INTRÓITO

Perlustrando a legislação vigente, encontraremos várias normas que aventam sobre o uso regular e da quantidade de ruídos e sons para a convivência profícua do ambiente, desde a Constituição Federal até leis municipais nos seus códigos de posturas.
A garantia ao sossego alheio está intimamente ligada ao direito de vizinhança, e ainda, a um meio ambiente ecologicamente equilibrado, bem de uso comum do povo e essencial à sadia qualidade de vida.
Sendo assim, buscando afiançar o direito ao sossego, quis o legislador tornar como contravenção penal a causa de qualquer ação que vise turbá-lo, seja com pena de prisão simples ou multa.
Podemos conceituar as contravenções penais como sendo qualquer transgressão considerada de menor potencial ofensivo, prevista em legislação própria.
Destarte, procuraremos neste ensaio traçar uma análise minudente da contravenção de prevista no artigo 42 da Lei de Contravenções Penais - Decreto-lei 3.688 de 3 de outubro de 1941, por ser esta conduta muito debatida nos dias atuais, apesar de a considerarmos dispensável.

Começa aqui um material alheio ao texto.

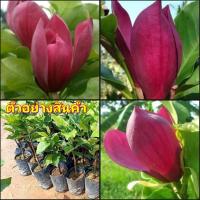 ราคา (1ต้น)(vาย ต้นพันธุ์) ต้น ดอก จำปีแดง ต้นจำปีแดง happy (16525051780)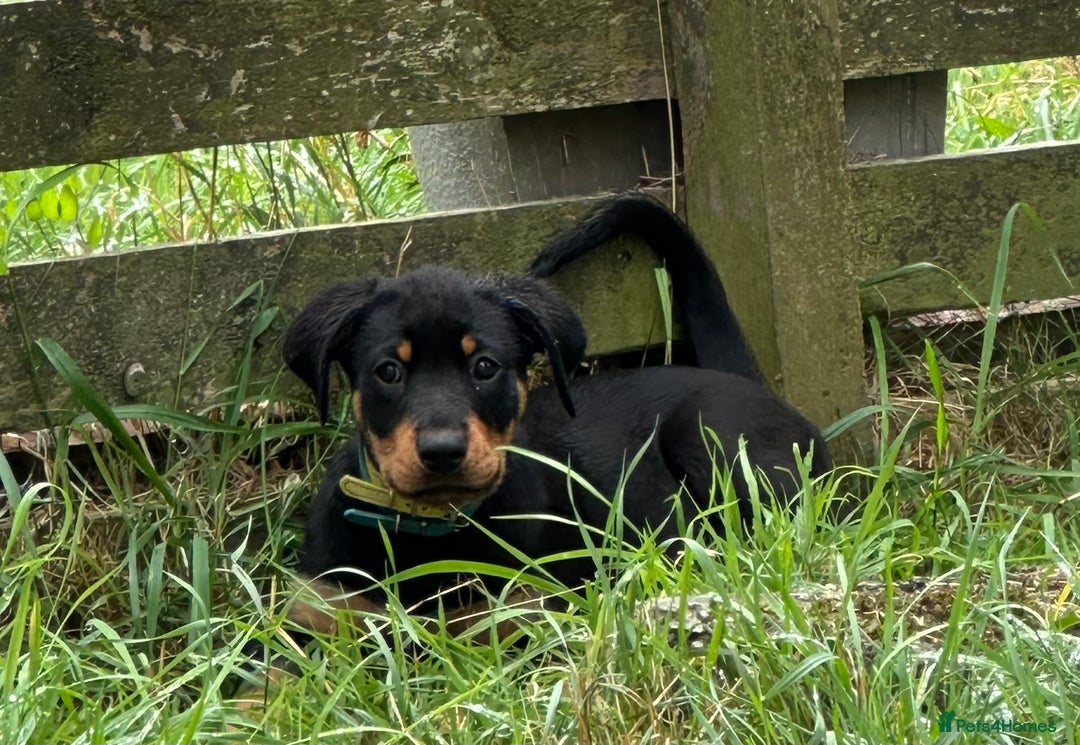 Rottweiler dogs for sale: Healthy Rottweiler puppies ready now  - Image 22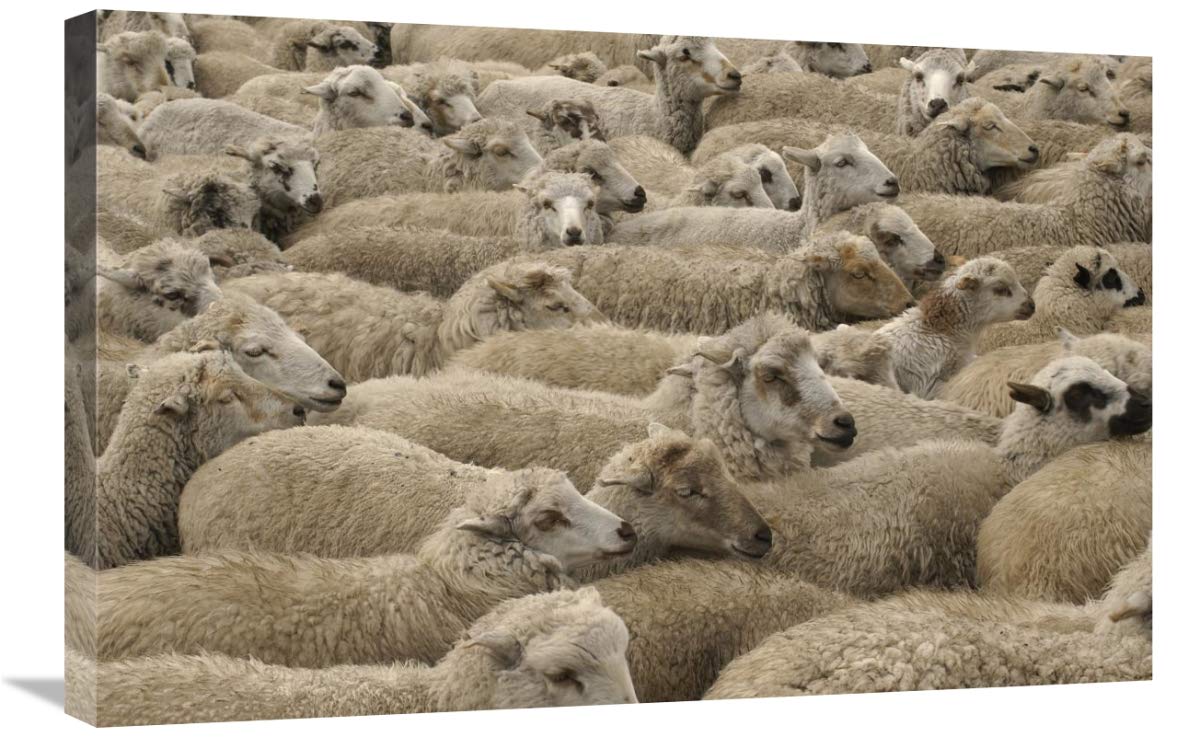 Domestic Sheep herd, Chimborazo, Andes Mountains, Ecuador-Canvas Art-30x20”
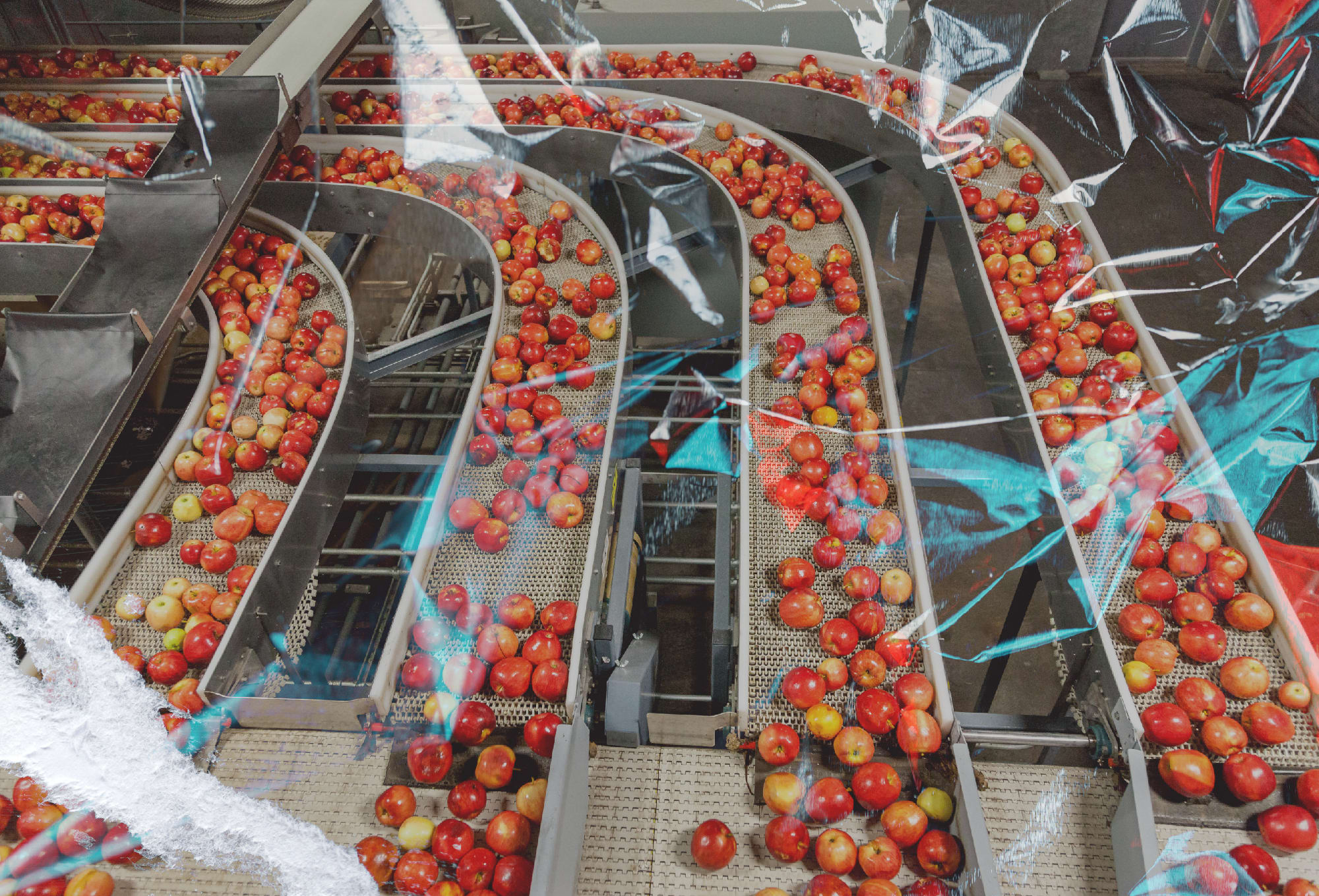 four conveyor belts full of apples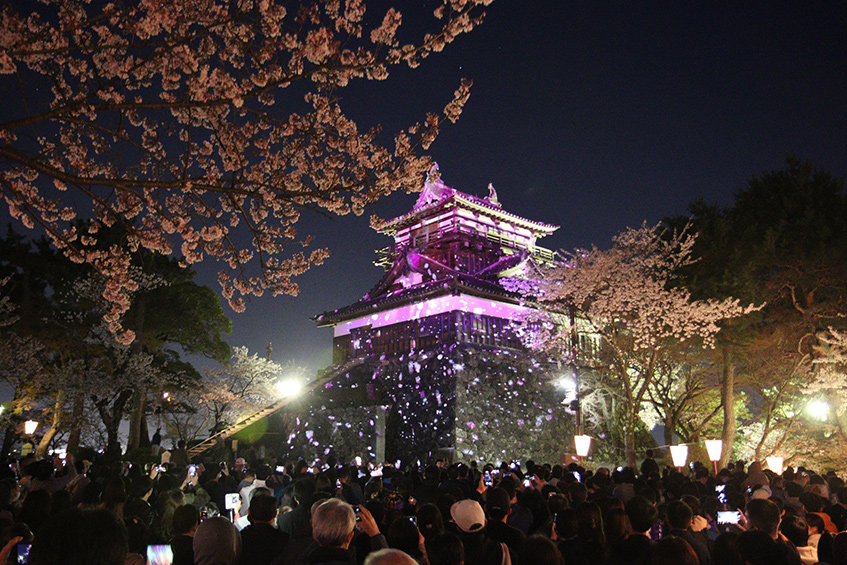 丸岡城桜まつり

A CONTRAVENÇÃO PENAL DE PERTURBAÇÃO DO TRABALHO OU DO SOSSEGO ALHEIOS ? ARTIGO 42 DA LCP

Dispõe o artigo 42 da Lei de Contravenções Penais:

Art. 42. Perturbar alguém o trabalho ou o sossego alheios:
I ? com gritaria ou algazarra;
II ? exercendo profissão incômoda ou ruidosa, em desacordo com as prescrições legais;
III ? abusando de instrumentos sonoros ou sinais acústicos;
IV ? provocando ou não procurando impedir barulho produzido por animal de que tem a guarda:
Pena ? prisão simples, de quinze dias a três meses, ou multa, de duzentos mil réis a dois contos de réis.

Hodiernamente, com a evolução tecnológica ou mesmo com o agrupamento de pessoas em comemorações, quase sempre, há indivíduos que se sentem perturbados, seja no seu trabalho ou até mesmo durante seu repouso no regaço acolhedor do seu lar, com barulhos ensurdecedores advindos de gritarias, algazarras, instrumentos sonoros ou animais.
A contravenção penal do artigo 42, ainda aplicada na legislação penal, visa garantir o sossego e o trabalho alheios, não podendo alguém, mediante qualquer pretexto ou utilizando-se de artifícios vis, causar o fim da serenidade.
Leciona Paulo Lúcio Nogueira sobre o ilícito em comento que:

Todos nós temos a liberdade de viver, segundo nossa concepção e desde que não prejudiquemos o direito de outrem. Não há liberdade absoluta, ilimitada, mas condicionada para quem vive em sociedade. Ninguém pode fazer o que bem entende, havendo restrições à conduta humana. Mesmo no exercício de qualquer atividade, ainda que legítima, não pode haver um direito absoluto, pois todo abuso que venha a perturbar o trabalho ou sossego alheios deve ser reprimido na forma da lei (NOGUEIRA, 1993, p. 140).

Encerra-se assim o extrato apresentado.